Morning, Thursday, 30th January 2020
THIS EVENT IS CPD CERTIFIED
This timely seminar will consider the way forward for developing quantum technologies in the UK.
It takes place following the announcement of a series of rounds of government funding for the UK National Quantum Technology Programme.
Delegates will assess progress made so far under the overarching national programme - including on individual projects such as the establishment of a new National Quantum Computing Centre and the development of new Centres for Doctoral Training - and on what more might be required from policymakers, researchers and businesses to support work into developing quantum technologies in the UK.
There will be further discussion on the UK’s current and future competitiveness in the international quantum R&D landscape, in the context of major investments being made by a number of other players including the USA, China and the EU.

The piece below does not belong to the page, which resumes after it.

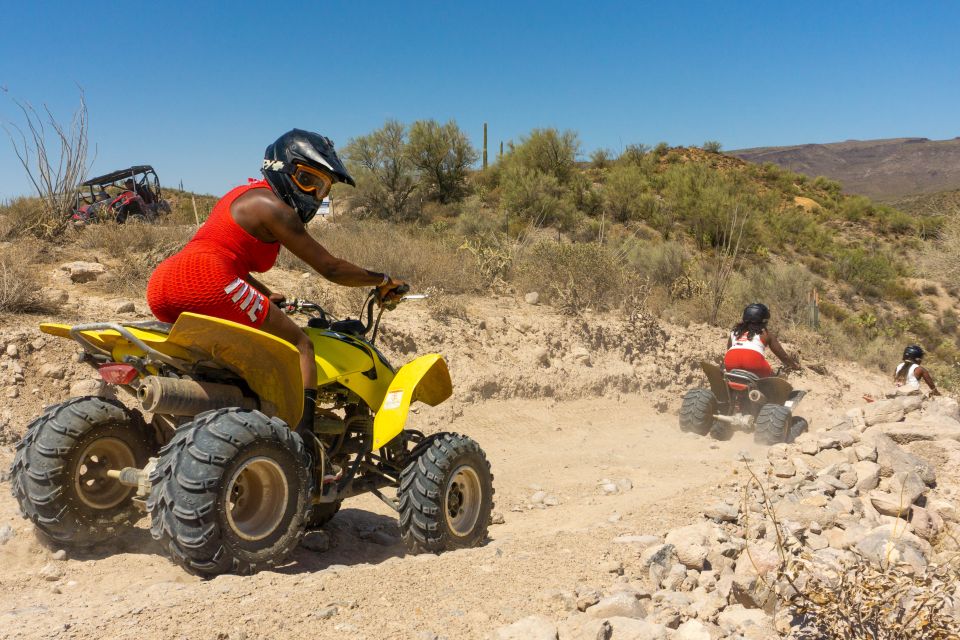 Phoenix: Discover the Sonoran Desert on an Off-Road UTV Tour - Important Information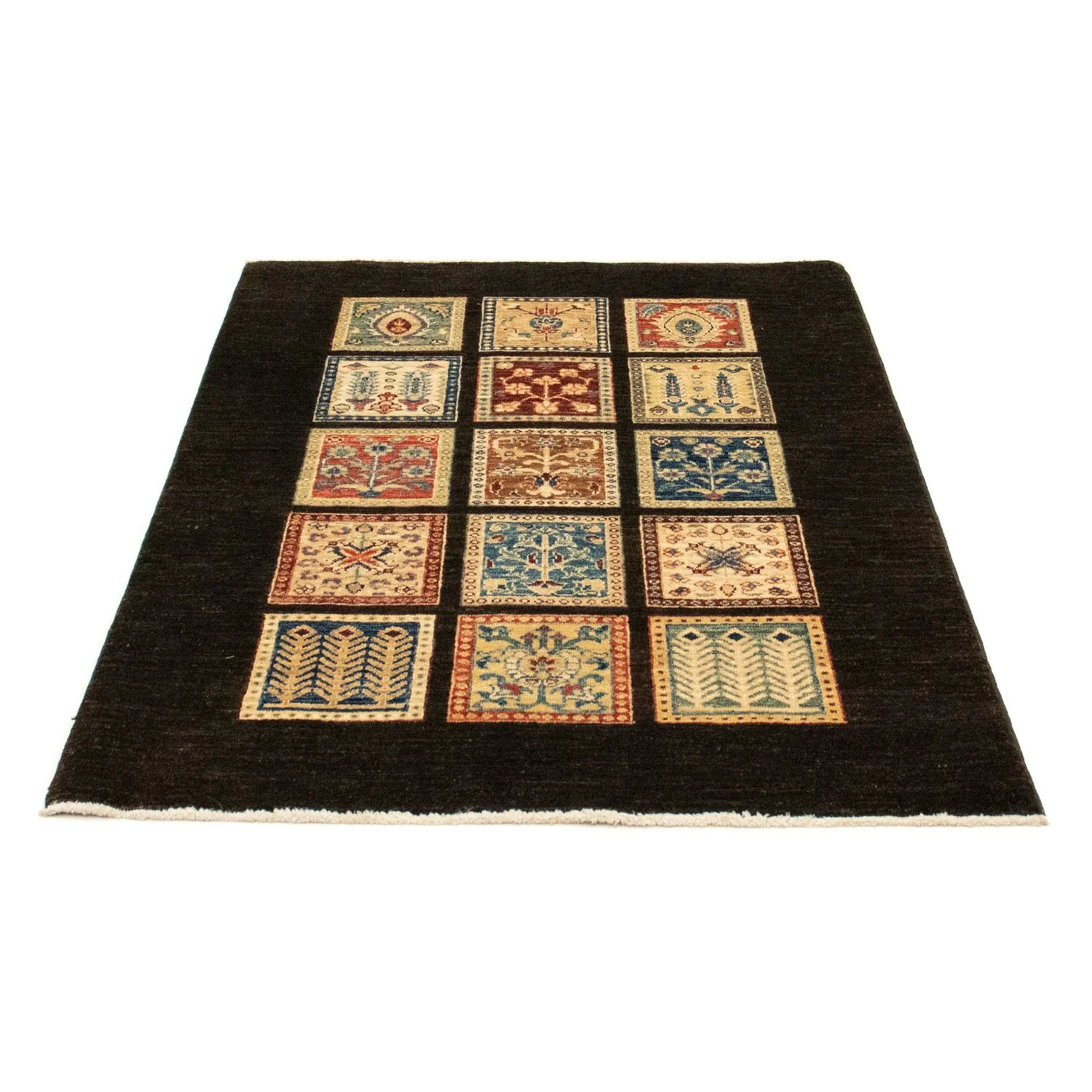 Ziegler Teppich 154 x 100 cm - schwarz - Image 4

Those in attendance will consider what more needs to be done to address the key remaining technical and practical barriers to widespread commercialisation of quantum technologies across areas such as computing, sensing, metrology, imaging and communications - including problems around scalability, stability and reliability, and integration with existing systems and computing processes.
Delegates will also consider some of the potential disruptive effects of quantum technologies, including the challenges it may pose to conventional cybersecurity and encryption methodologies - and the way forward for developing new technologies and approaches to mitigate these concerns at an early stage.
Following the recent announcement by UKRI of the commercialising quantum technologies programme, we expect further discussion on key priorities for driving the development of practical applications for quantum technologies and their rollout into the wider economy.
Sessions on the agenda will consider the progress being made by the UKRI-funded Quantum Pioneer Challenge Fund projects - such as the Gravity Pioneer project, aiming to develop a quantum gravity sensor for use in underground surveying - and what learning from these projects might be applied more broadly - examining some of the key obstacles encountered and solutions deployed.
The agenda will also bring out latest thinking on what more may be needed from policymakers to incentivise private sector investment into quantum technology projects, as well as the way forward for developing effective collaboration between the public sector, academia and industry.
The conference will also provide an opportunity to discuss the potential overall impact of any future growth in the use of quantum technologies across a range of sectors and business areas.
We expect discussion on the possible broader societal implications, and whether new regulatory developments might be needed in the future in order to avoid unforeseen negative consequences.